**Dataset content:**
########

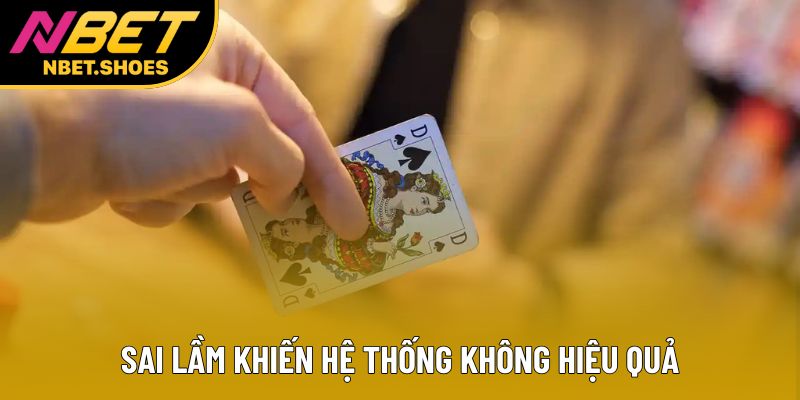 Sai lầm khiến hệ thống không hiệu quả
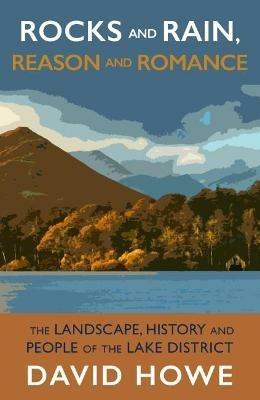 Rocks and Rain, Reason and Romance: The Landscape, History and People of the Lake District - David Howe - cover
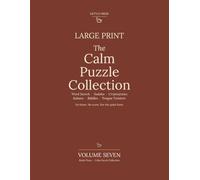 The Calm Puzzle Collection: Volume Seven: Large Print Word Search, Sudoku, Cryptograms, Kakuro, Riddles and Tongue Twisters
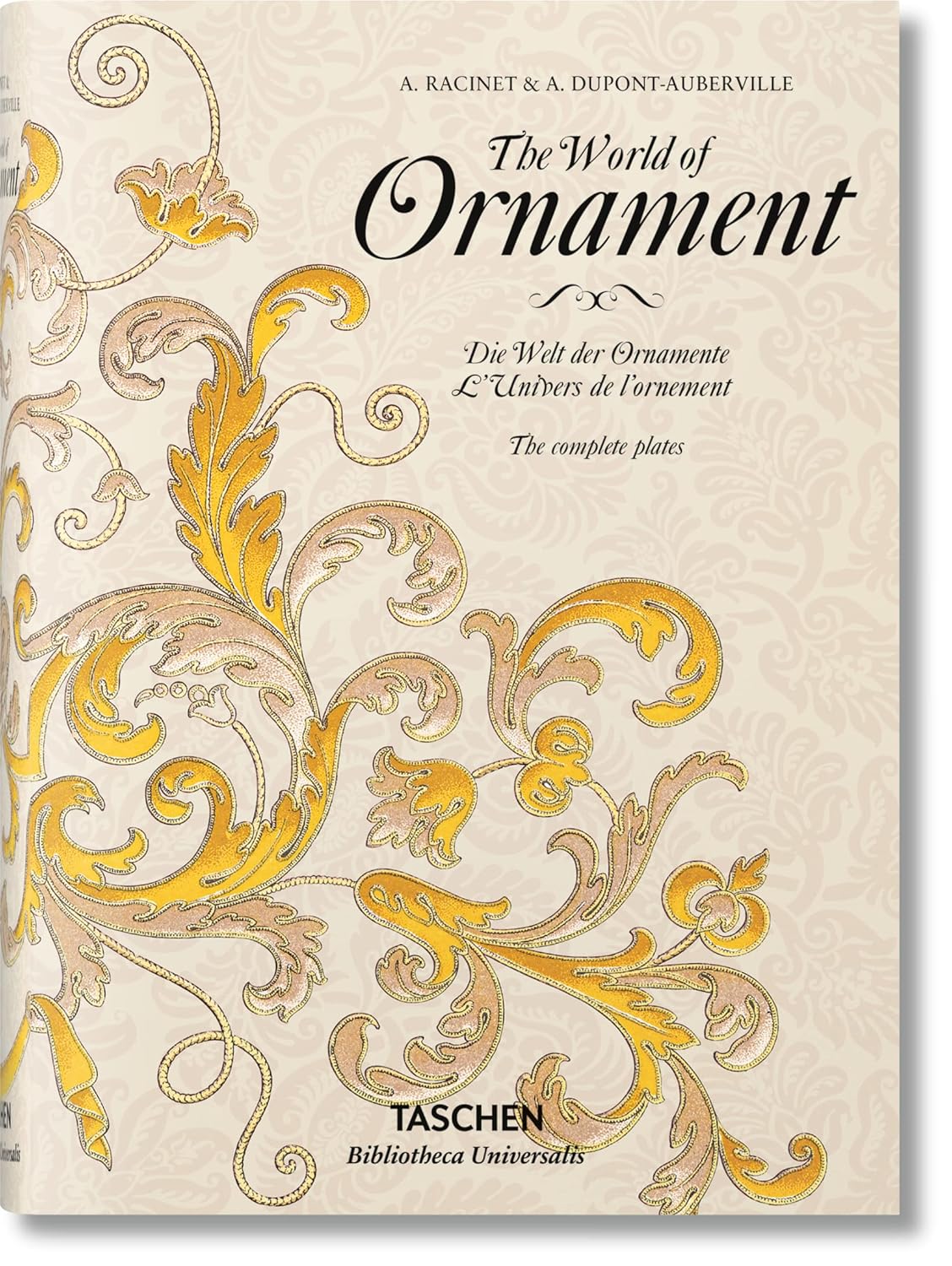The World of Ornament (Bibliotheca Universalis)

########

**Directions for this task:**
Reproduce the whole of the data, word for word, and omit its pictures.

**Answer box:**
 Sai lầm khiến hệ thống không hiệu quả
 Rocks and Rain, Reason and Romance: The Landscape, History and People of the Lake District - David Howe - cover
 The Calm Puzzle Collection: Volume Seven: Large Print Word Search, Sudoku, Cryptograms, Kakuro, Riddles and Tongue Twisters
The World of Ornament (Bibliotheca Universalis)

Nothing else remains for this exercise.